The same DataFrame, now with the query method attached.

Return type:

pd.DataFrame


Configuration

class querexfuzz.config.QuerexfuzzConfig(*, base_cols: list[str] = <factory>, bang_field: str | None = None, date_fields: list[str] = <factory>, default_date_field: str | None = None, recent_field: str | None = None, fuzzy: FuzzyConfig = <factory>)[source]

Bases: BaseModel

Main configuration for the Querexfuzz engine.

base_cols: list[str]
bang_field: str | None
date_fields: list[str]
default_date_field: str | None
recent_field: str | None
fuzzy: FuzzyConfig
classmethod from_yaml(path: Path)[source]

Loads configuration from a YAML file.

model_config = {}

Configuration for the model, should be a dictionary conforming to [ConfigDict][pydantic.config.ConfigDict].

class querexfuzz.config.FuzzyConfig(*, fields: list[str] | Literal['all'] = 'all', limit: int = 100, score_col_name: str = 'score', highlight: bool = True)[source]

Bases: BaseModel

Configuration for the fuzzy searcher.

fields: list[str] | Literal['all']
limit: int
score_col_name: str
highlight: bool
model_config = {}

Configuration for the model, should be a dictionary conforming to [ConfigDict][pydantic.config.ConfigDict].


Parser

querexfuzz.parser.parser(text: str) dict[source]

Parses a querexfuzz query string into a specification dictionary.


Engine

querexfuzz.engine.execute_query(df: DataFrame, spec: dict, config: QuerexfuzzConfig, engine=None) DataFrame[source]

Apply the parsed query specification to a DataFrame.

Filter operations (WHERE, regex, date range, sort, head/tail, column select) all return new DataFrames, so no upfront copy is needed.
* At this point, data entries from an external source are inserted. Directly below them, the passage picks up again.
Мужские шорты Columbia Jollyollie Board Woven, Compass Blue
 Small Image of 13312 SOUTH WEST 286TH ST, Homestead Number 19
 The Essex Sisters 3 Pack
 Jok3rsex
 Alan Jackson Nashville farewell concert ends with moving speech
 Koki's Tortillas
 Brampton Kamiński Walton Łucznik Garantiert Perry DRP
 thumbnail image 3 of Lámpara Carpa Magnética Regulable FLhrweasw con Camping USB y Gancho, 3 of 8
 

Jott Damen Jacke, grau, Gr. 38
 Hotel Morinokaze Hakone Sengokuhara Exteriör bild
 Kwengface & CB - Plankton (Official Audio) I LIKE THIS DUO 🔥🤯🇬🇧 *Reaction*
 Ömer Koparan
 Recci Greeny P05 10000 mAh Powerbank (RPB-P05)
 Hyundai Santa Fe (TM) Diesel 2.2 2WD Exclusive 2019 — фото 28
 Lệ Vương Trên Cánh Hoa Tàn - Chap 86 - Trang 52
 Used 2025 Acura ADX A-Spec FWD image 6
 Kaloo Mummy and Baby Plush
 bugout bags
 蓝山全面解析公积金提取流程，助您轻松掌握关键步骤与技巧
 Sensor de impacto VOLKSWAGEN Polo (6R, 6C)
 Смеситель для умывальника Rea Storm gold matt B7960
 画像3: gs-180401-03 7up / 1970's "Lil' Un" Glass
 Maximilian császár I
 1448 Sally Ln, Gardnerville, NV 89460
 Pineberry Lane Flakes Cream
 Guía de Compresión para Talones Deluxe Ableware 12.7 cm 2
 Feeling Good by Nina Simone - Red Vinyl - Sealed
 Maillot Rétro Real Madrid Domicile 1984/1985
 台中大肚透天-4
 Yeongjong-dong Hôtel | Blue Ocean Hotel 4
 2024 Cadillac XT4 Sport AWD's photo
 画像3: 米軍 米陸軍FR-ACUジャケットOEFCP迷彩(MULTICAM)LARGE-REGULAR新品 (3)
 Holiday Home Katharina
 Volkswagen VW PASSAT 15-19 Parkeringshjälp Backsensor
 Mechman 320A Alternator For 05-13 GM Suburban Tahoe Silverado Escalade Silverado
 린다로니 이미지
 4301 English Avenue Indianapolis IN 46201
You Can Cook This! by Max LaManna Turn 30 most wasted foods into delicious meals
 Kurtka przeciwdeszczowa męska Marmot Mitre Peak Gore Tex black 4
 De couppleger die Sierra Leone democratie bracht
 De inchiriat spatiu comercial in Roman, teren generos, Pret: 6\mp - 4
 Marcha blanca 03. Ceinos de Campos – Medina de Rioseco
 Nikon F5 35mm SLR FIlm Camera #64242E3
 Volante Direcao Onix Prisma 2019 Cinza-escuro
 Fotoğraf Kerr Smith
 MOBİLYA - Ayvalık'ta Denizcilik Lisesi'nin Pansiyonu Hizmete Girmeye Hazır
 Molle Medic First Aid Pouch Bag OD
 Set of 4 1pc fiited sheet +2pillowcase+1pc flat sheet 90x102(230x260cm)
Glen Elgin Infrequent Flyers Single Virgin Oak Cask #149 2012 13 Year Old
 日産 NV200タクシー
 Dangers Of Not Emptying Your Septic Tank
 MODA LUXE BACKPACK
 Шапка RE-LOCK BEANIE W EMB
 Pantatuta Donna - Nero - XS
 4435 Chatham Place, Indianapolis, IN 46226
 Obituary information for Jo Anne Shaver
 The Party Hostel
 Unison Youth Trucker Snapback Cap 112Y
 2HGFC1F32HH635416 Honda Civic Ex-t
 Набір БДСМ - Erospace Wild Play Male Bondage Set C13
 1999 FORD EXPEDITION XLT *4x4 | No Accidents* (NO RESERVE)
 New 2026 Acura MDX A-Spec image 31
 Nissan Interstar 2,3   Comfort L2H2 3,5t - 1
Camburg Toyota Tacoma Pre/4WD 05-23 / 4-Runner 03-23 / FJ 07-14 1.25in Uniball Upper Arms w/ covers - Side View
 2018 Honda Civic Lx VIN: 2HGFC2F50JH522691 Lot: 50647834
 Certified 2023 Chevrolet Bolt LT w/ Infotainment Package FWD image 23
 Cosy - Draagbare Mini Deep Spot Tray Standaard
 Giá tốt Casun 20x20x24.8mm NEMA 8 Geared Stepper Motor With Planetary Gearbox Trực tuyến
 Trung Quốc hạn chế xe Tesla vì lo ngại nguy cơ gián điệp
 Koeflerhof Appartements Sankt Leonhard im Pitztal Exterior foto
The only in-place write is date-column type coercion; a copy is made there, after prior filters have already reduced the DataFrame.

original_df is kept as a reference to the full unfiltered frame so the fuzzy matcher (built once on engine._fuzzy_matcher) always searches the complete data set; pre-filter results are intersected afterwards.

class querexfuzz.engine.QuerexfuzzConfigurationWarning[source]

Bases: UserWarning

Warning raised when Querexfuzz configuration is unusual or suboptimal.


Date utilities

querexfuzz.dates.resolve_date_range(spec: dict) tuple[datetime, datetime][source]

Converts a date spec from the parser into a (start, end) datetime tuple.